## Task goal
Reproduce exactly the lines from the start of the records through the line containing "Hi, this is", both included. Leave the pictures out.

Records from a data source:
= = = = = = =

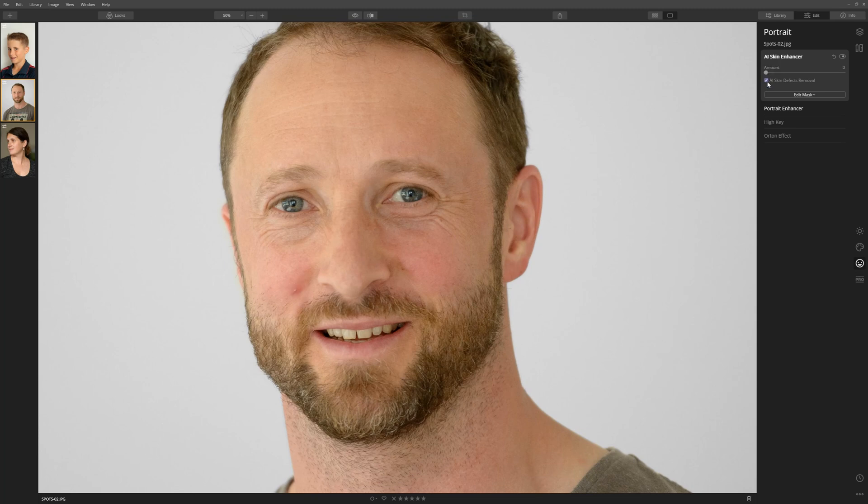Let's turn this off and on — it's really done a great job of getting rid of that spot. And if you didn't know it was there in the first place, you wouldn't think anything was amiss. So that looks heaps better before we've even done anything else with any of the other portrait tools in Luminar.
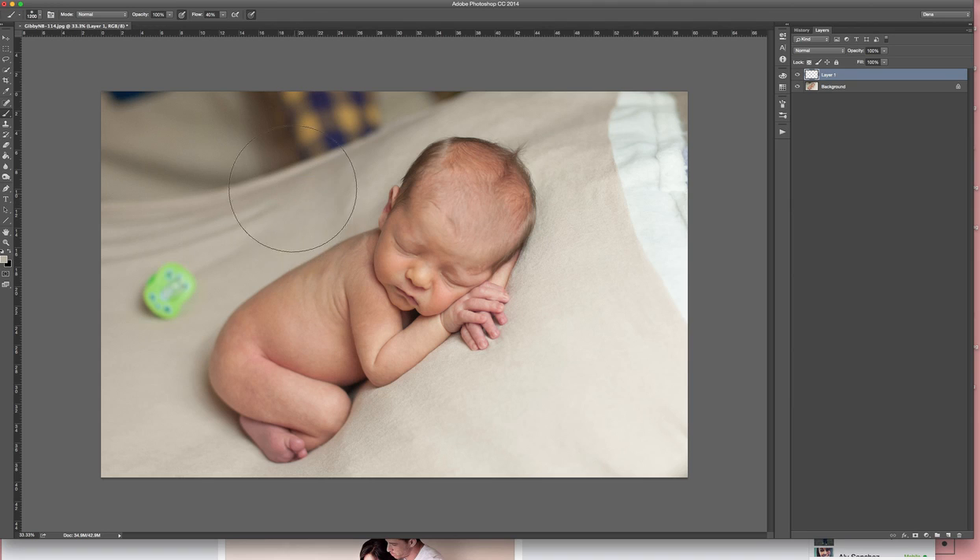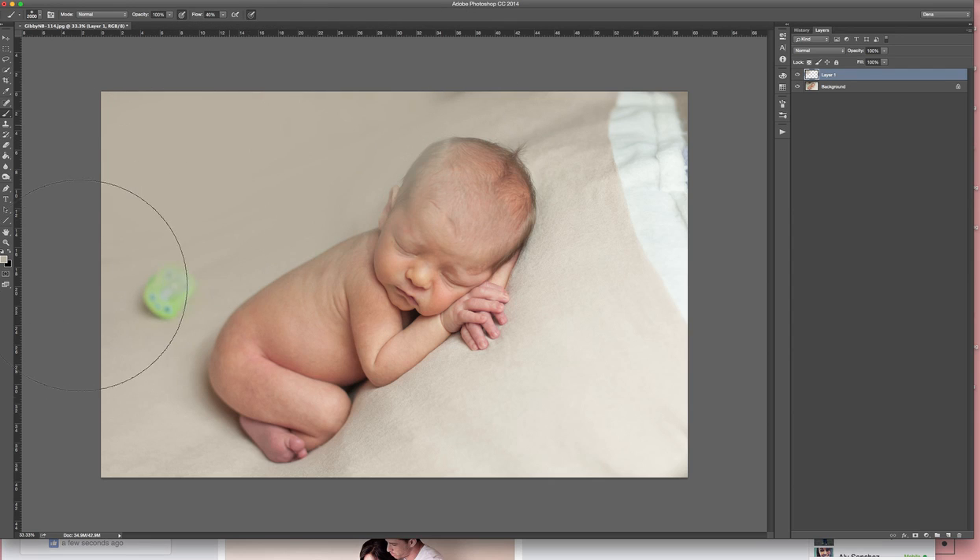The trick with getting this to work pretty seamlessly is to get a big brush — I mean like huge, as big as the baby almost. You'll just paint it over at 100%. Don't worry about getting it on the baby.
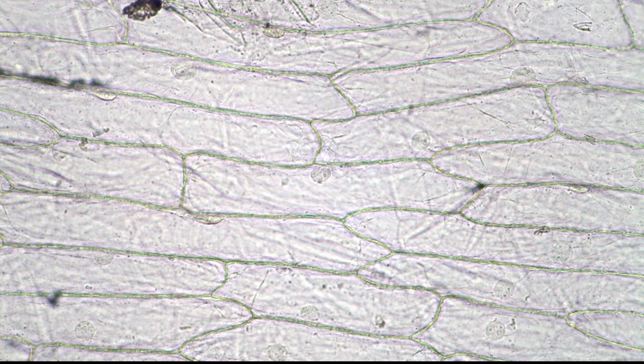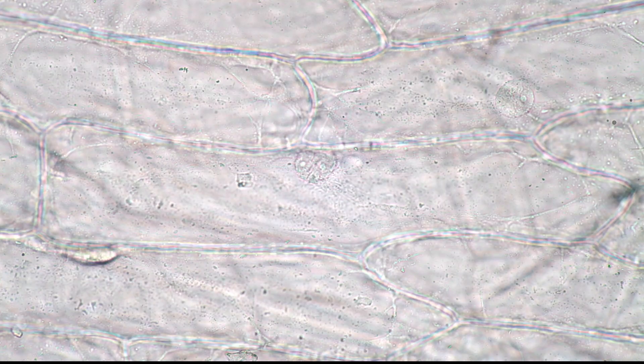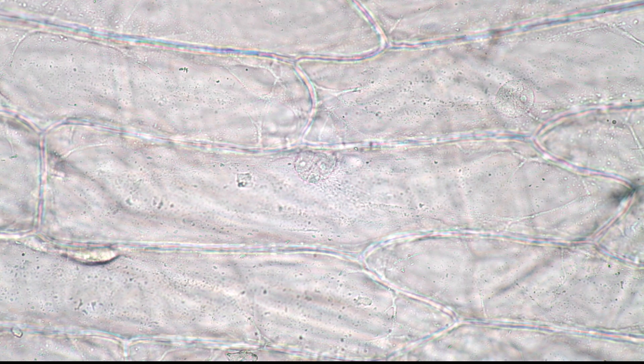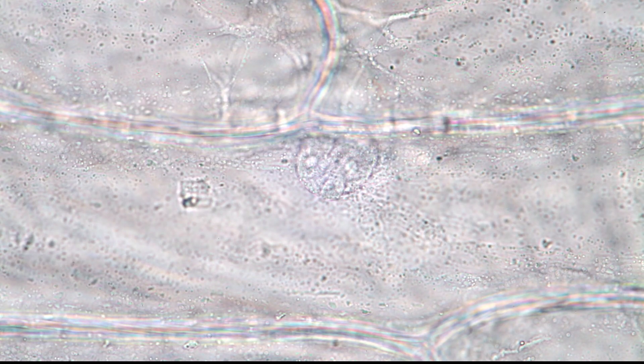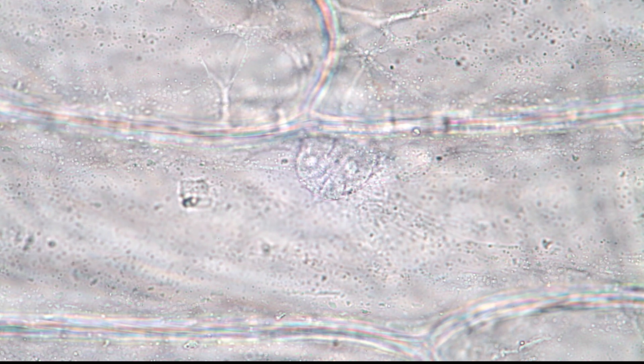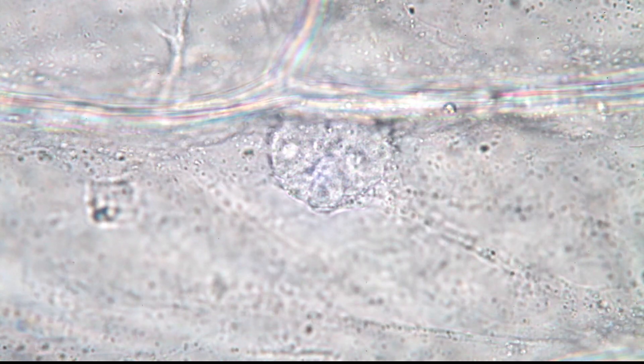Look at the cell in the center — I'm going to go a little bit higher now, using the 10 times objective. We can see that the central cell has a circle at the top, and this circle is the nucleus, which stores the DNA. At a higher magnification the nucleus becomes bigger — it's pretty much in the center — and now we can already see a little bit of movement. You can see that there are small dots streaming inside the cell.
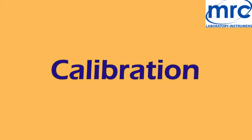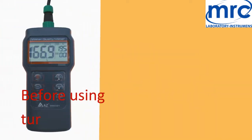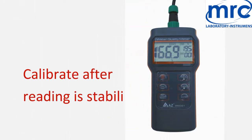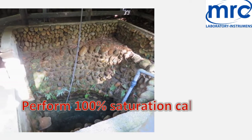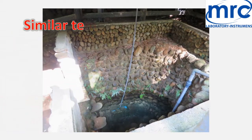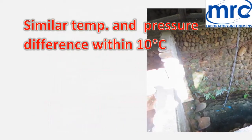Calibration — Dissolved Oxygen: Turn on the meter for 5 to 10 minutes and calibrate after the reading is stabilized. Before each operation, you need to do a 100% saturation calibration at the testing location, or in a similar temperature and pressure environment. Temperature difference should be within 10 degrees Celsius.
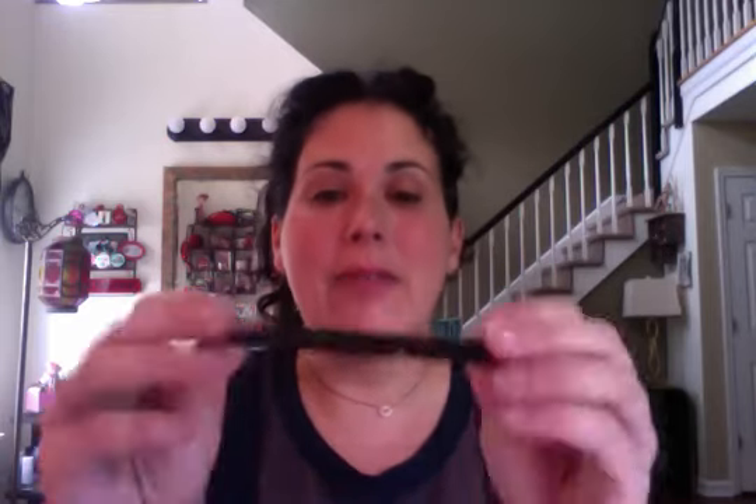Hi, this is Meredith Heyman, and today I'm going to show you how to apply liquid eyeliner to yourself. The liquid eyeliner I'm going to use is Kat Von D Tattoo Liner in black. When you choose a liquid eyeliner, you want one with a very fine felt tip.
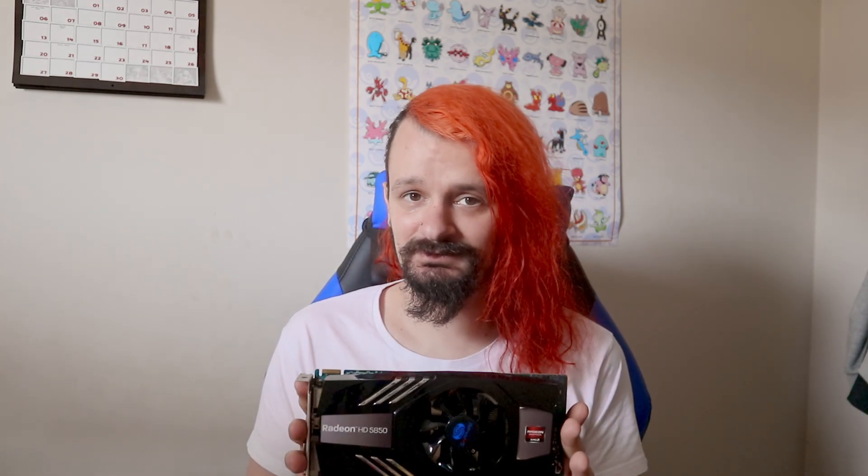What is particularly interesting about this version of the HD 5850 is that it actually released quite a while into the release period of the HD 6000 series. This actually came out over six months after the HD 6000 series originally launched, and there was a pretty good reason for that, which I'll go into in a little bit.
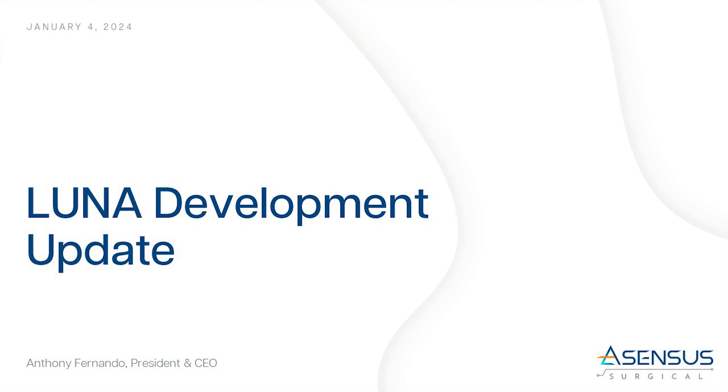Hello, I'm Anthony Fernando, President and CEO of Asensus Surgical. Thank you for joining us for an update on the development of our second generation surgical robotic system, LUNA.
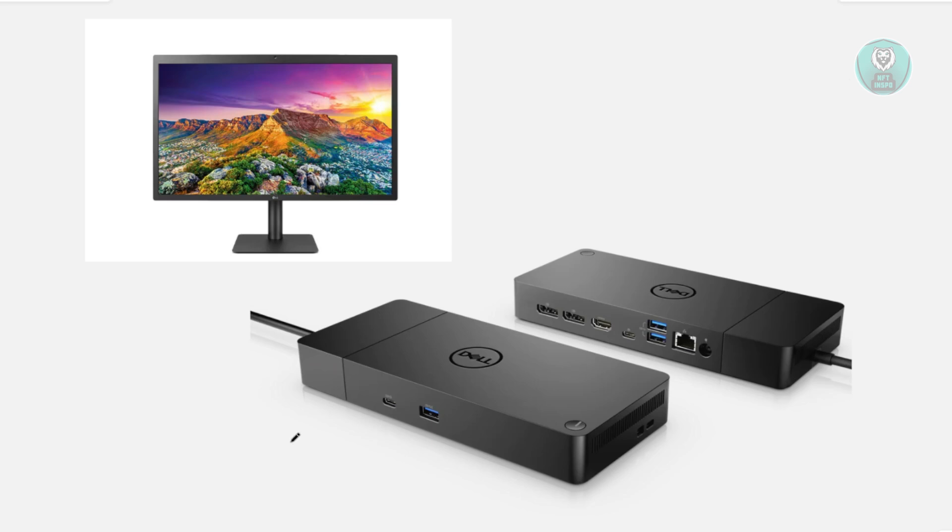You also want to make sure that your laptop actually supports docking stations. Typically, a laptop that has a USB-C port is compatible with docking stations. But if you don't have a USB-C port and you're just using USB-A, it's not compatible. You want to make sure you're using the USB-C port on your docking station, which connects directly to the USB-C port on your laptop.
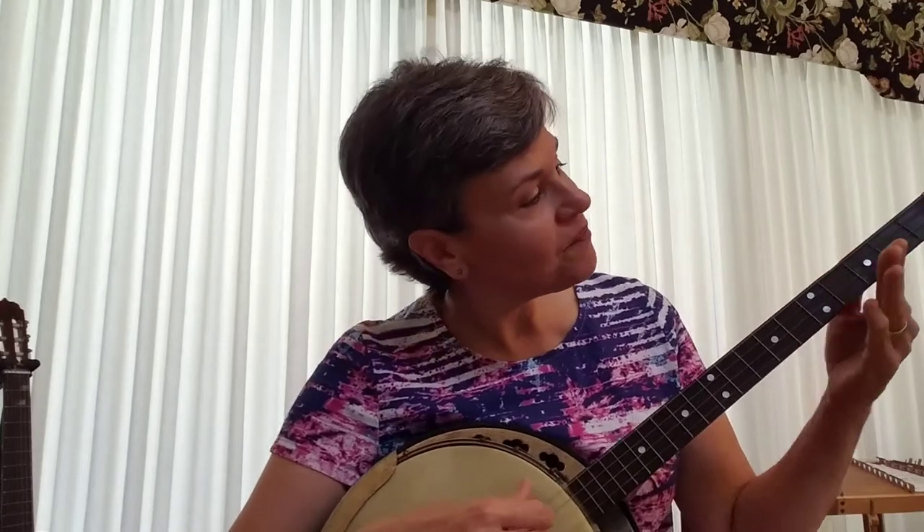The refrain goes like this: Old Joe Clark, rock, rock, rock, I'm gone. Rock, rock, Old Joe Clark, goodbye to see long.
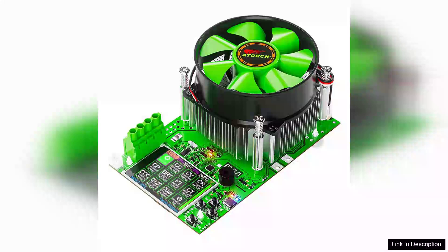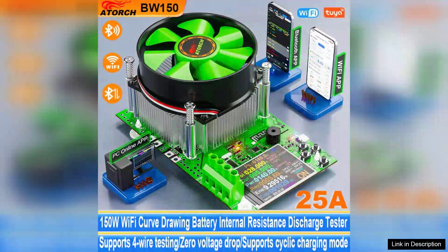The BW150 Wi-Fi Tuya App 150W 25A 4-Wire Battery Capacity Tester Meter stands out as an exceptional device for both professionals and DIY enthusiasts alike. Designed to simplify battery diagnostics, this tester combines modern technology with user-friendly features, making it a must-have tool.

= = = = = = =

## Task result
Let's turn this off and on — it's really done a great job of getting rid of that spot. And if you didn't know it was there in the first place, you wouldn't think anything was amiss. So that looks heaps better before we've even done anything else with any of the other portrait tools in Luminar.
The trick with getting this to work pretty seamlessly is to get a big brush — I mean like huge, as big as the baby almost. You'll just paint it over at 100%. Don't worry about getting it on the baby.
Look at the cell in the center — I'm going to go a little bit higher now, using the 10 times objective. We can see that the central cell has a circle at the top, and this circle is the nucleus, which stores the DNA. At a higher magnification the nucleus becomes bigger — it's pretty much in the center — and now we can already see a little bit of movement. You can see that there are small dots streaming inside the cell.
Calibration — Dissolved Oxygen: Turn on the meter for 5 to 10 minutes and calibrate after the reading is stabilized. Before each operation, you need to do a 100% saturation calibration at the testing location, or in a similar temperature and pressure environment. Temperature difference should be within 10 degrees Celsius.
Hi, this is Meredith Heyman, and today I'm going to show you how to apply liquid eyeliner to yourself. The liquid eyeliner I'm going to use is Kat Von D Tattoo Liner in black. When you choose a liquid eyeliner, you want one with a very fine felt tip.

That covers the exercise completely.